Suzuki-Miyaura catalyst-transfer polycondensation of triolborate-type fluorene monomer: toward rapid access to polyfluorene-containing block and graft copolymers from various macroinitiators

• Published in: Polymer chemistry Vol. 11; no. 42; pp. 6832 - 6839
• Main Authors: Kobayashi, Saburo, Fujiwara, Kaiyu, Jiang, Dai-Hua, Yamamoto, Takuya, Tajima, Kenji, Yamamoto, Yasunori, Isono, Takuya, Satoh, Toshifumi
• Format: Journal Article
• Language: English
• Published: Cambridge Royal Society of Chemistry 14.11.2020
• Subjects: Block copolymers; Catalysts; Chemical synthesis; Chloroform; Copolymers; Graft copolymers; Moisture content; Monomers; NMR; Nuclear magnetic resonance; Polymer chemistry; Polymerization
• ISSN: 1759-9954; 1759-9962
• DOI: 10.1039/d0py01127d

In this study, we demonstrated that the Suzuki-Miyaura catalyst transfer polycondensation (SCTP) of the triolborate-type fluorene monomer, viz . potassium 2-(7-bromo-9,9-dihexyl-9 H -fluorene-2-yl)triolborate, can be an efficient and versatile approach to the precise synthesis of poly[2,7-(9,9-dihexylfluorene)]s (PFs) and PF-containing block and graft copolymers.
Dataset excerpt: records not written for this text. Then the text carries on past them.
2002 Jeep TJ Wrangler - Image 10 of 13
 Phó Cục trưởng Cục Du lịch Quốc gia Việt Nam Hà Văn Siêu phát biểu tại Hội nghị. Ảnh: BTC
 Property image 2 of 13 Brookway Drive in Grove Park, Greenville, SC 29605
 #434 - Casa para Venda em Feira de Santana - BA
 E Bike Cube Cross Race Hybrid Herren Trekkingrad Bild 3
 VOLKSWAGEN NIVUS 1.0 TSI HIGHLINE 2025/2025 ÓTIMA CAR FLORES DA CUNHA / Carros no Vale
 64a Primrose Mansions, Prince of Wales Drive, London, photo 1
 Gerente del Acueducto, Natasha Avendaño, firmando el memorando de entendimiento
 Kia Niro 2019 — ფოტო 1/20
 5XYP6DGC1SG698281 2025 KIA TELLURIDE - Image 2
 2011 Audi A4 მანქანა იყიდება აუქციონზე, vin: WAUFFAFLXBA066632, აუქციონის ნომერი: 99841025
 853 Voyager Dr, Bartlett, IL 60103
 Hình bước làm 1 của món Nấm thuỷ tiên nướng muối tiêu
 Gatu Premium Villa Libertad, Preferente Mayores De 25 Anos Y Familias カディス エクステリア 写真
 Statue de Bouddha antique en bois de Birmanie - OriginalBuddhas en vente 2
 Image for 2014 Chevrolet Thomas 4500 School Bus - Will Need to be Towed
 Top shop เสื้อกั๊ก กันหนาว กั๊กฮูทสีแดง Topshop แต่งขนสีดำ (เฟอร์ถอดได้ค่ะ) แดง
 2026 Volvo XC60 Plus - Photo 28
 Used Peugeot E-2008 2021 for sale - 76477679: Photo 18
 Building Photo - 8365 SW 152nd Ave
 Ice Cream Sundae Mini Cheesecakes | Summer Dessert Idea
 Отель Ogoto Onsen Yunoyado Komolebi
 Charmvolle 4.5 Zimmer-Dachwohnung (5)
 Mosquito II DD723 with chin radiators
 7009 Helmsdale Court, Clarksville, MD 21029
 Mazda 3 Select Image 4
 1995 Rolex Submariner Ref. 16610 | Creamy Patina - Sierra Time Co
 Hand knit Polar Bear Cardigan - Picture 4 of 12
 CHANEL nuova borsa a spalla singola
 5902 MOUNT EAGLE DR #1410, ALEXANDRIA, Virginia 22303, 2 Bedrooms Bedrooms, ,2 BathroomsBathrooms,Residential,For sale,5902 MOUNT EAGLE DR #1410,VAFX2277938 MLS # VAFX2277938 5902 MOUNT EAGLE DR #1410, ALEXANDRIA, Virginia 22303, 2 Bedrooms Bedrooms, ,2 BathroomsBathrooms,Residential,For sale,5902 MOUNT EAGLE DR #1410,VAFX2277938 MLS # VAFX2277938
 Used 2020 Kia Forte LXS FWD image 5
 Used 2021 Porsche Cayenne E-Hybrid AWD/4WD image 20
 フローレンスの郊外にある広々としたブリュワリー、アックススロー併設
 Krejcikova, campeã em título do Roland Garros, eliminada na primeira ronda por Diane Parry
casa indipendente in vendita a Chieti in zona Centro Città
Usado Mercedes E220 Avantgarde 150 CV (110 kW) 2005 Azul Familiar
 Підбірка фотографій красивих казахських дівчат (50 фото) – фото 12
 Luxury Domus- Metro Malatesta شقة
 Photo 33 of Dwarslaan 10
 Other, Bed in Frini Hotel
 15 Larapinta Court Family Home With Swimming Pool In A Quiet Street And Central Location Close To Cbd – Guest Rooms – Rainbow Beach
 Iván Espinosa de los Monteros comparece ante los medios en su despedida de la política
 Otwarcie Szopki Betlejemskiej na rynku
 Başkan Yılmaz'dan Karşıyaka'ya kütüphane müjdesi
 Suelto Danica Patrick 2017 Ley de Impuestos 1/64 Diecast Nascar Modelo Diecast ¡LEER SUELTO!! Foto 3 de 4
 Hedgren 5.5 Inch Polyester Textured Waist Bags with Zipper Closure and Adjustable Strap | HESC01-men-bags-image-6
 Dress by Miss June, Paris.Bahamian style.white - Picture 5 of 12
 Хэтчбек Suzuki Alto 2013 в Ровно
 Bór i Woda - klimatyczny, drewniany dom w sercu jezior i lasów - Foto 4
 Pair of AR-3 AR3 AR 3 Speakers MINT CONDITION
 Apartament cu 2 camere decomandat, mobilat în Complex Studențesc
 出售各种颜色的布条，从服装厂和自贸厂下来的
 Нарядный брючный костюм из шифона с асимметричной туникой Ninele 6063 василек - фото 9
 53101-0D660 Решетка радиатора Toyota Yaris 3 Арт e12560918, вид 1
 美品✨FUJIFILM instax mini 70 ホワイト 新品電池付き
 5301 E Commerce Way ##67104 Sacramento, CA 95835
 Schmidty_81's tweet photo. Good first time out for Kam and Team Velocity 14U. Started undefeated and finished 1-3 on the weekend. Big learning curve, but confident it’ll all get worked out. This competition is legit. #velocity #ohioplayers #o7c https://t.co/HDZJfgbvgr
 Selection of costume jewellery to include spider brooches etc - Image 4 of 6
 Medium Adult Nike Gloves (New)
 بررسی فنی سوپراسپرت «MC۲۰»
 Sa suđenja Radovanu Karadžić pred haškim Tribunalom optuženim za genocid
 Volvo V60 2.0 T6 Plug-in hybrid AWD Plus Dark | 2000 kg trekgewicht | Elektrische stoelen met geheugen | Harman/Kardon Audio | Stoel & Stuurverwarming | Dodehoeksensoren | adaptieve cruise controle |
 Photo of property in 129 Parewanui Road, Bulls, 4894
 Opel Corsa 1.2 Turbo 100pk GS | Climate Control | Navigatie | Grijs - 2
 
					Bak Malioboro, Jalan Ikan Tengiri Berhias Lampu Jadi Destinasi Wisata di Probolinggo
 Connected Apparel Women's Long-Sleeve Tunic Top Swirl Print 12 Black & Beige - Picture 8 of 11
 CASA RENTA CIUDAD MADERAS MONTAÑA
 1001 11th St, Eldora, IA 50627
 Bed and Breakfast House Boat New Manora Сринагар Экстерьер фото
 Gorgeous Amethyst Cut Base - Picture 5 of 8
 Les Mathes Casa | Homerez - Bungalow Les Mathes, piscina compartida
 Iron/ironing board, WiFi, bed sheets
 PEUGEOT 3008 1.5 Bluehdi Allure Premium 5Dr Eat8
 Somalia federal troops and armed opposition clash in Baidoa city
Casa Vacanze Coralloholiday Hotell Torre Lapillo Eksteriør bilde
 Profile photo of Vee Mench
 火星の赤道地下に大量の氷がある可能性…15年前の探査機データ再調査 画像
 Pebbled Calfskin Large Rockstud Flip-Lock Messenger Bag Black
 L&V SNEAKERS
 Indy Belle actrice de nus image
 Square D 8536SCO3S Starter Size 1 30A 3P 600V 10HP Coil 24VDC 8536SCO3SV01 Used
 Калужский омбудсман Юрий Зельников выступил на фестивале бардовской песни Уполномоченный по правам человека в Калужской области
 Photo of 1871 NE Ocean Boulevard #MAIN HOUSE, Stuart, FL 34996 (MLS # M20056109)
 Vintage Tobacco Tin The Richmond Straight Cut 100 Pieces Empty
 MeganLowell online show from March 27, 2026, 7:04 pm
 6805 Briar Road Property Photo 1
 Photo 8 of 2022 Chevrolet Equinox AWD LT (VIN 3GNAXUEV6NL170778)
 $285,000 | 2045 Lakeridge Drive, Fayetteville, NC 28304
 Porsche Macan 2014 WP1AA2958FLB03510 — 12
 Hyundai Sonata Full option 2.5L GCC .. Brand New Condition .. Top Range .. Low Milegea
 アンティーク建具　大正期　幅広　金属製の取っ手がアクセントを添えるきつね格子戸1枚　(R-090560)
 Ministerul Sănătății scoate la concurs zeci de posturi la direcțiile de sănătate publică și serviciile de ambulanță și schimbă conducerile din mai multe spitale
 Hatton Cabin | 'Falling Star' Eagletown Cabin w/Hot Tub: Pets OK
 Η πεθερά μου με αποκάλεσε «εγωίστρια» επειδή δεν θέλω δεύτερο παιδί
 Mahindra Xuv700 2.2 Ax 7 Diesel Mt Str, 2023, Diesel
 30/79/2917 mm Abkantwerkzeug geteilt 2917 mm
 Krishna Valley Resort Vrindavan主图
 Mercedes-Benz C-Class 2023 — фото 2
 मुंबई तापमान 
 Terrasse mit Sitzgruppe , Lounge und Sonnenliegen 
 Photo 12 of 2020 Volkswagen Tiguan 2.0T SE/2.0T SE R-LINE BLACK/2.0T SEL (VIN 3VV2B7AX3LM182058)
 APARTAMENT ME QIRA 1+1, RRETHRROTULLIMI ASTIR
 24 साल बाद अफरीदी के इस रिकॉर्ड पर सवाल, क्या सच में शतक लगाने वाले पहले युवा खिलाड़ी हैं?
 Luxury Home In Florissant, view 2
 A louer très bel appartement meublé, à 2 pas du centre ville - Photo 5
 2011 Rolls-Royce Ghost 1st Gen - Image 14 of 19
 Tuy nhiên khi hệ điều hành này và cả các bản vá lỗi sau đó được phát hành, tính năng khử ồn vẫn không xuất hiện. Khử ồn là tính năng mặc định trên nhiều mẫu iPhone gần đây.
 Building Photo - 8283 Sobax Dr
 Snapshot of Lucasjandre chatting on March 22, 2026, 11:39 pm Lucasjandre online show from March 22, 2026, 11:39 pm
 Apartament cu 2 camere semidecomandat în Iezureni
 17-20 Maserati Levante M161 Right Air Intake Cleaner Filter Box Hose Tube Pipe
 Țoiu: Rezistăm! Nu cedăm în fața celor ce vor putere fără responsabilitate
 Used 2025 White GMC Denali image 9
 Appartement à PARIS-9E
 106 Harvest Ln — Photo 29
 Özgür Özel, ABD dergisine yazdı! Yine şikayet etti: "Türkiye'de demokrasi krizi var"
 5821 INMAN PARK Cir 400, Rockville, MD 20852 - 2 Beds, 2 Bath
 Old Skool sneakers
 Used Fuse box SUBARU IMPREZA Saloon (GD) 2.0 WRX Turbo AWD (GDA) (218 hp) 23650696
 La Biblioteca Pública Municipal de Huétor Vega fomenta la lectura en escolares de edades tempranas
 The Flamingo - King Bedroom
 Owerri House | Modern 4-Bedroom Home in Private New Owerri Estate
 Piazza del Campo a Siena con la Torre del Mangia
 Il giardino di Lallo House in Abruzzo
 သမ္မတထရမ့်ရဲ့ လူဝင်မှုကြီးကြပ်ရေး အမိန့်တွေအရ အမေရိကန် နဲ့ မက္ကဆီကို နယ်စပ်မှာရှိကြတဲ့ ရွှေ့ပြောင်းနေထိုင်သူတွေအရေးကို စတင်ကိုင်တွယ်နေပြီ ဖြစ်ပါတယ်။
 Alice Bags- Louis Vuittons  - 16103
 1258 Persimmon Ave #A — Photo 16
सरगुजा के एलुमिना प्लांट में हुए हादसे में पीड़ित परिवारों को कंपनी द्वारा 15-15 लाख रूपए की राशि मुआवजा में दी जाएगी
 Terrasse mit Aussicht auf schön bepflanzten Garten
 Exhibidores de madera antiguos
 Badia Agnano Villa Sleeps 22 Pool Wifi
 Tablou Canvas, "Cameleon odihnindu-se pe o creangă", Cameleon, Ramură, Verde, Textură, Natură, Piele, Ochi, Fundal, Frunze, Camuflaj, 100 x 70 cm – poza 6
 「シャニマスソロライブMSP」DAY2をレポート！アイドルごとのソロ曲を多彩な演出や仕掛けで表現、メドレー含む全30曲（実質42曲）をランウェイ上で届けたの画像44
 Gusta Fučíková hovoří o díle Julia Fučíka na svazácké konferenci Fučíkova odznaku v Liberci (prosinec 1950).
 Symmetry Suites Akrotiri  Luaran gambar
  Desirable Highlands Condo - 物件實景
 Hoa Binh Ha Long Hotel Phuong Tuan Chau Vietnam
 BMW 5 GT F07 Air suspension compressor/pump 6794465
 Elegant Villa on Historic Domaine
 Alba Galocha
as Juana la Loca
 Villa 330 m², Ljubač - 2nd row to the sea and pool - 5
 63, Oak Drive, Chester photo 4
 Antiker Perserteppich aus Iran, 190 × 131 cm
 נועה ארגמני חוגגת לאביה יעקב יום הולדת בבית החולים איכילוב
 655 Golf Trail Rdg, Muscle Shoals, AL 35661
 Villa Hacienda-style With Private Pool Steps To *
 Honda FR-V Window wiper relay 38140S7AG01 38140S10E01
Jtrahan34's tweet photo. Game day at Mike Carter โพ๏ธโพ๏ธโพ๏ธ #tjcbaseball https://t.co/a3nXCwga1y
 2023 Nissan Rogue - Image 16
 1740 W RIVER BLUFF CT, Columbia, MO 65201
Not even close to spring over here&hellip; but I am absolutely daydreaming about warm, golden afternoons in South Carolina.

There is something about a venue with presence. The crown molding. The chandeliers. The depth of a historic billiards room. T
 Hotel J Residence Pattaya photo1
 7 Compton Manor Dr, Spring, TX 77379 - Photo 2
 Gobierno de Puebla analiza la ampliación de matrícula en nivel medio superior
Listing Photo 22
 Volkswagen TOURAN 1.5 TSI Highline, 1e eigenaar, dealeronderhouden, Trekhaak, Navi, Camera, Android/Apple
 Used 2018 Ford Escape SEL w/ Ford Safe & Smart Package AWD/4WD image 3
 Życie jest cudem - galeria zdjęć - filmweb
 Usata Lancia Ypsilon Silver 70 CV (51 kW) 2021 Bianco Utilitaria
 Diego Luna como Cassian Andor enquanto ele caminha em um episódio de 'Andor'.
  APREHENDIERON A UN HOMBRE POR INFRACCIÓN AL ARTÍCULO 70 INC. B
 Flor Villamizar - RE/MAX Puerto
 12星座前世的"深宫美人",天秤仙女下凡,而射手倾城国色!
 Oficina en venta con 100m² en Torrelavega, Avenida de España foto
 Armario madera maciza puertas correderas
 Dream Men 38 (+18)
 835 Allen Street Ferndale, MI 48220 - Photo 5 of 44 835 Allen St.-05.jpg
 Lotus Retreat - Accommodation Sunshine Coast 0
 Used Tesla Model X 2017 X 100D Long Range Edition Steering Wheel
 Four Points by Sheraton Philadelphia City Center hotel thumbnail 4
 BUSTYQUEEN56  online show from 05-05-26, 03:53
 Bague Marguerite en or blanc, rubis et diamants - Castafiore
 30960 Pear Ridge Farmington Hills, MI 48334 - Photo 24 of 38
SCTP of the triolborate-type monomer proceeded rapidly in a THF/H 2 O mixed solvent at −10 °C using an iodobenzene derivative/Pd 2 (dba) 3 ·CHCl 3 / t -Bu 3 P initiating system. Kinetic and post-polymerization experiments revealed that SCTP proceeded via the chain-growth and living polymerization mechanisms. The most important feature of the present polymerization system is that only a small amount of base and water can sufficiently promote the reaction. The well-controlled nature of this polymerization system enabled the synthesis of high-molecular-weight PFs ( M n = 5-69 kg mol −1 ) with narrow dispersity ( M = 1.14-1.38) and α-end-functionalized PFs. Most importantly, PF-containing block and graft copolymers were successfully synthesized, beginning with various iodobenzene-functionalized macroinitiators; this was difficult to achieve by the conventional SCTP of pinacolboronate-type fluorene monomer. One of the key factors for the successful block and graft copolymer syntheses is the reduced water content in the polymerization medium, which suppressed the potential precipitation/aggregation of the macroinitiators. We demonstrated that the Suzuki-Miyaura catalyst transfer polycondensation of a triolborate-type fluorene monomer can be an efficient and versatile approach to the synthesis of polyfluorenes (PFs) and PF-containing block and graft copolymers.